Over the course of the five-year war, from 1962 to 1967, Nasser lost more than 10,000 men, squandered billions of dollars, and painted himself into a diplomatic corner from which the only way out was through war with Israel. As Nasser himself would realize by the war’s end, Yemen was to Egypt what Vietnam was to the United States — and what Afghanistan was to the Soviet Union, what Algeria is to France, and what Lebanon is to Israel.
Not surprisingly, the predominant takeaway for Egyptians was “never again.” Never again would they send their boys to fight for a dubious cause on a remote battlefield.
Never again would they waste their modern army to build a nation where there was none. Never again would they set foot in Yemen.

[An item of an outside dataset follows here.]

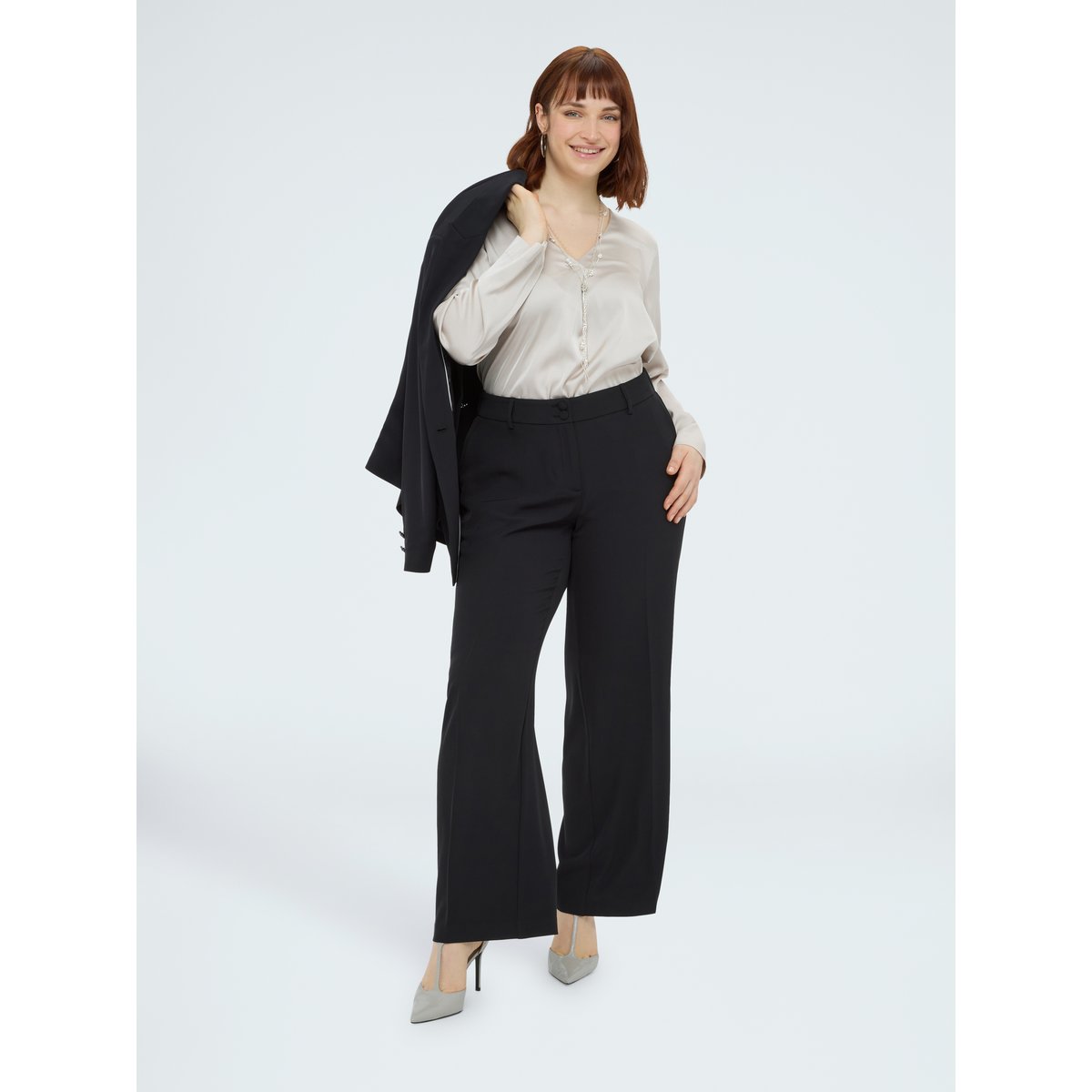 Pantalon à jambes larges noir, FIORELLA RUBINO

Perhaps “never” is too strong a word. A half-century later, President Abdel Fattah al-Sisi is once again contemplating the dispatch of ground forces to Yemen, this time in support of the Saudi-led assault on the Houthis. Sisi has already committed Egypt’s navy and air force to the military campaign and has said that ground forces would be sent “if necessary.” As the Saudis, the Egyptians, and their allies hover on the brink of another military adventure in Yemen, history offers some stark lessons of the challenges that may block their road to victory.